▶ **Task description**: Output all of the entries below precisely as written.

▶ **Provided records**:
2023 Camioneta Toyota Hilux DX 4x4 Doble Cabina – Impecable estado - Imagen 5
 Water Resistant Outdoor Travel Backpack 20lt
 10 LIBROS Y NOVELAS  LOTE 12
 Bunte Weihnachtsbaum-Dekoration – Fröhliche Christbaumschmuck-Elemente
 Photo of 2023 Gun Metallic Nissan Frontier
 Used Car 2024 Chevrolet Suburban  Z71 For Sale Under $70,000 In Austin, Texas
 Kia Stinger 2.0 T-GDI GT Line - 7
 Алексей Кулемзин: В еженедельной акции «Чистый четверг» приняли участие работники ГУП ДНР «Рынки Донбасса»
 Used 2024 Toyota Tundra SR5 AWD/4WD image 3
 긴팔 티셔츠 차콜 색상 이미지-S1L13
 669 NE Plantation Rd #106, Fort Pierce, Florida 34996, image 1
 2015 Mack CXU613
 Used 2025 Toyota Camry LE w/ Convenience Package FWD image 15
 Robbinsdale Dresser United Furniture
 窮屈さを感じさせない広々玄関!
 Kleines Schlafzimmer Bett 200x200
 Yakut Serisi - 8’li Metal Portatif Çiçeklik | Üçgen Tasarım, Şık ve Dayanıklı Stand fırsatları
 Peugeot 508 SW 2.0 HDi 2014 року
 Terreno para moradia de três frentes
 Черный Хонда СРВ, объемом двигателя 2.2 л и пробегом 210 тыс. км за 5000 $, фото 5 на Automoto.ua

▶ **Answer space**:
2023 Camioneta Toyota Hilux DX 4x4 Doble Cabina – Impecable estado - Imagen 5
 Water Resistant Outdoor Travel Backpack 20lt
 10 LIBROS Y NOVELAS  LOTE 12
 Bunte Weihnachtsbaum-Dekoration – Fröhliche Christbaumschmuck-Elemente
 Photo of 2023 Gun Metallic Nissan Frontier
 Used Car 2024 Chevrolet Suburban  Z71 For Sale Under $70,000 In Austin, Texas
 Kia Stinger 2.0 T-GDI GT Line - 7
 Алексей Кулемзин: В еженедельной акции «Чистый четверг» приняли участие работники ГУП ДНР «Рынки Донбасса»
 Used 2024 Toyota Tundra SR5 AWD/4WD image 3
 긴팔 티셔츠 차콜 색상 이미지-S1L13
 669 NE Plantation Rd #106, Fort Pierce, Florida 34996, image 1
 2015 Mack CXU613
 Used 2025 Toyota Camry LE w/ Convenience Package FWD image 15
 Robbinsdale Dresser United Furniture
 窮屈さを感じさせない広々玄関!
 Kleines Schlafzimmer Bett 200x200
 Yakut Serisi - 8’li Metal Portatif Çiçeklik | Üçgen Tasarım, Şık ve Dayanıklı Stand fırsatları
 Peugeot 508 SW 2.0 HDi 2014 року
 Terreno para moradia de três frentes
 Черный Хонда СРВ, объемом двигателя 2.2 л и пробегом 210 тыс. км за 5000 $, фото 5 на Automoto.ua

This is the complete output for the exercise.